The case of Whren v. United States began with a 1993 traffic stop in Washington, D.C., over a failure to signal. That stop resulted in the arrest of the car’s driver and passenger for drug possession. The arresting officer, a plainclothes member of the city’s vice squad, was patrolling what he called a “high drug area” when he saw a car with two young black men inside sitting at a stop sign for 20 seconds, an admittedly long time to wait at an intersection. According to the officer, the car then drove off at what he called an “unreasonable” speed and allegedly failed to signal a right turn. After the officer pulled the car over, he noticed crack cocaine inside the vehicle and made the arrests.

The question before the Supreme Court was whether the officer used that traffic stop as a pretextual excuse to seize the driver and passenger and snoop around for drugs in violation of their Fourth Amendment rights. Put differently, did the officer rely on the traffic code to mask a case of racial profiling? And if he did, should the evidence be excluded?

Writing for a unanimous Supreme Court, Justice Antonin Scalia gave every cop in the country a blank check to search and seize so long as the officer could first point to some sort of ostensible traffic infraction. “The constitutional reasonableness of the traffic stop,” Scalia said, does not depend “on the actual motivations of the individual officers involved.” All that mattered, he maintained, was that the officer had probable cause to believe that a traffic violation may have occurred.

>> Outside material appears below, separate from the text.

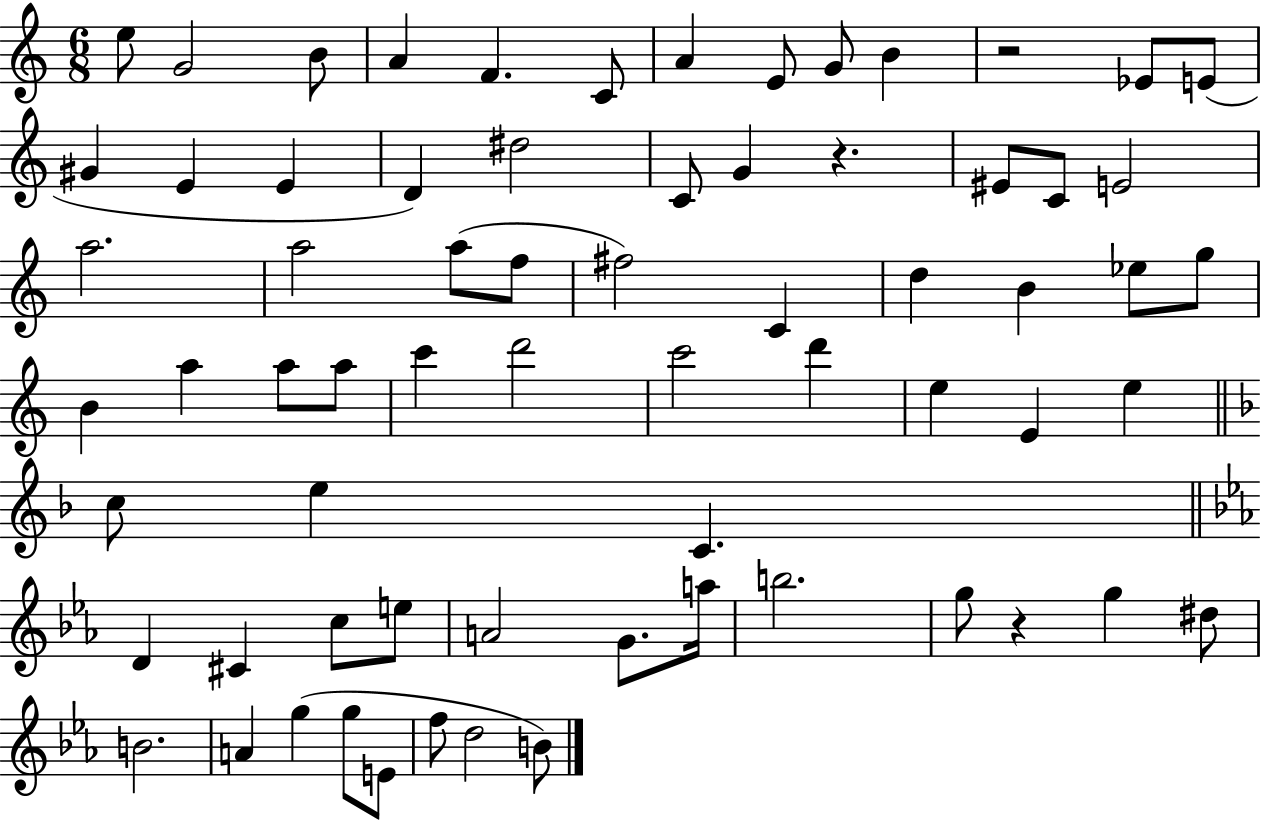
E5/e G4/h B4/e A4/q F4/q. C4/e A4/q E4/e G4/e B4/q R/h Eb4/e E4/e G#4/q E4/q E4/q D4/q D#5/h C4/e G4/q R/q. EIS4/e C4/e E4/h A5/h. A5/h A5/e F5/e F#5/h C4/q D5/q B4/q Eb5/e G5/e B4/q A5/q A5/e A5/e C6/q D6/h C6/h D6/q E5/q E4/q E5/q C5/e E5/q C4/q. D4/q C#4/q C5/e E5/e A4/h G4/e. A5/s B5/h. G5/e R/q G5/q D#5/e B4/h. A4/q G5/q G5/e E4/e F5/e D5/h B4/e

Once that relatively easy standard was met, the police may stop any car and seize any driver.

Of course, every driver will eventually violate some trivial traffic rule at some point. Thanks to Whren, when those inevitable traffic infractions do occur, the police are effectively unshackled from the restraints of the Fourth Amendment. To make matters worse, because the police simply cannot enforce all traffic laws against all drivers at all times, the cops enjoy wide leeway when it comes to picking and choosing which drivers to stop. Needless to say, the record is replete with examples of the police abusing such discretionary law enforcement powers.

In fact, that sort of abusive policing is sometimes official police policy. As Sarah Seo, a Columbia law professor and author of Policing the Open Road: How Cars Transformed American Freedom, has observed,

Pretextual enforcement of the traffic code has been an official strategy in the war on drugs since at least the 1980s. The U.S. Drug Enforcement Agency trained state highway patrols to use such tactics, as did law-enforcement textbooks. Statistics show that police have disproportionately targeted minorities during what is known as “criminal patrol,” a term that reflects the merger of criminal investigations and traffic patrol duties.

In other words, Whren‘s malignant legacy includes the judicial stamp of approval on some of the most aggressive and destructive police tactics of the modern era.

The Supreme Court has issued plenty of regrettable decisions that warrant reversal. Whren v. United States is one of them.